This could be the saddest dusk ever seen
You turn to a miracle high-alive
Michael Stipe
Peut-on écouter Vauxhall and I de Morrissey sous le franc soleil de juillet ? Et un Antônio Carlos Jobim empêtré dans un crachin de février, c’est toujours du Antônio Carlos Jobim ? Climats met en avant les sorties disques et livres selon la météo.
Étrange rosée
Il y a comme une éclosion, une ouverture. Lorsque l’on regarde la pochette du dernier album de Laura Veirs. Mais c’est, encore, la présence d’une vieille blessure qui se trame dans cette posture. Assise et défiant le regard de l’autre, Laura Veirs, sur le seuil de sa maison offre une sorte de womanspreading. Ce disque est une affaire de puissance retrouvée et le noir et blanc de la photo raconte l’ambivalence, le contraste. Après sa rupture, Veirs a du retrouver la résonance de sa liberté. Ainsi, Found Light est un disque de recherche et de suspens. À l’aveugle et avec délicatesse comme la kora d’Ali Farka Touré, Veirs tâtonne à retrouver la saveur et le goût. La violence en sourdine d’Eucalyptus, ce battement de cœur contrarié, nous raconte les chutes anciennes. Ailleurs, la douceur embaume les plaies définitivement – New Arms. Étrangement, c’est la profonde unité du disque, ce même ton, qui donne toute sa force. Car Found Light est un disque épique à sa façon, une façon de perdre et de retrouver, une résilience. Sword Song déplie langoureusement toute cette vitalité nouvelle, Winter Windows arrache quelques morceaux de colère au passé. Laura Veirs travaille, avec unité et contraste à la fois, ses mélodies. C’est certainement sa manière de retrouver la joie.
Le prochain été blond
Lorsque Lavinia Dickinson retrouva les milliers de poèmes cachés de sa sœur, certainement que l’effroi fut mélangé au bonheur. L’hermétisme et le secret des vers d’Emily Dickinson avaient ce désir de ressurgir, de donner à entendre leur force. Flammarion a eu, il y a deux ans, la bonne idée de proposer une édition bilingue des poèmes de Dickinson.

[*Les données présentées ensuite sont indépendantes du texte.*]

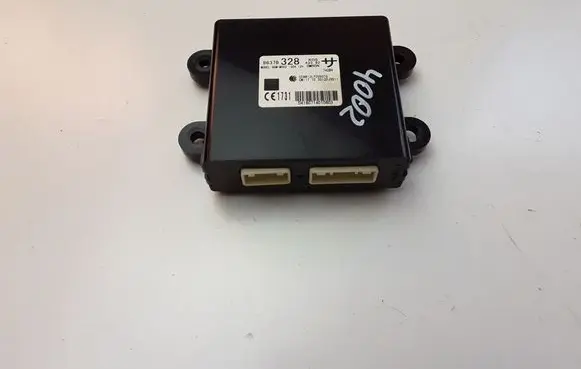 Mitsubishi Outlander Door central lock control unit/module 8637B328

Ils m’ont enfermée dans la Prose — Comme lorsque j’étais une Petite Fille – Ils m’enfermaient dans le Placard — Parce qu’ils me voulaient « calme » — Calme ! S’ils avaient pu jeter un œil - Et espionner dans mon esprit — le visiter — Ils auraient aussi bien pu enfermer un Oiseau – Pour trahison — à la fourrière.
Chez Dickinson et Laura Veirs, on retrouve cette même rage enfermée dans du coton. La suavité a le goût de l’amertume. La solitude est la seule alliée et le reste est déception. Mais, pourtant, malgré cet isolement obsessionnel, leur création retrouve l’autre. Ce partage semble être une trahison définitive, et c’est ce qui donne cet aura énigmatique à leur univers.